Vale olhar duas especificações que quase ninguém confere na hora da compra:
- TBW (terabytes escritos), que é a vida útil de escrita do SSD. Programar com IA grava muito no disco, e quanto maior o TBW, maior a margem de tranquilidade. Sendo justo: um desenvolvedor comum dificilmente esgota o TBW de um SSD mainstream — é margem, não risco iminente.
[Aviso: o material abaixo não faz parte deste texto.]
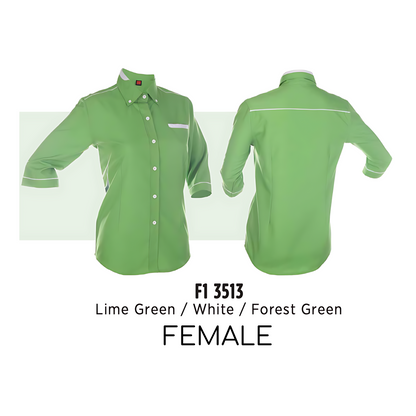 f13513-custom-uniform-female-corporate-34-sleeve-plain-lime-green-white-forest-green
- Tipo de memória. O que realmente vale evitar é QLC barato, que despenca de desempenho em gravações longas. Modelos TLC com DRAM são o ideal; unidades sem DRAM mas com HMB também atendem bem esse uso.
Resumindo: onde colocar o dinheiro
Montando a lista do que priorizar, o retrato final fica assim:
- Muita RAM — 32 GB como piso, 64 GB como meta
- Processador com muitos núcleos — oito já é uma base sólida
- SSD NVMe Gen 4 com TBW alto — de preferência TLC
- Placa de vídeo — a mais simples que atender ao resto do seu uso
Essa inversão de prioridades libera um orçamento surpreendente. O dinheiro que iria para uma placa de vídeo topo de linha compra, com sobra, o dobro de memória e um processador melhor — que é onde o ganho real aparece nesse tipo de trabalho.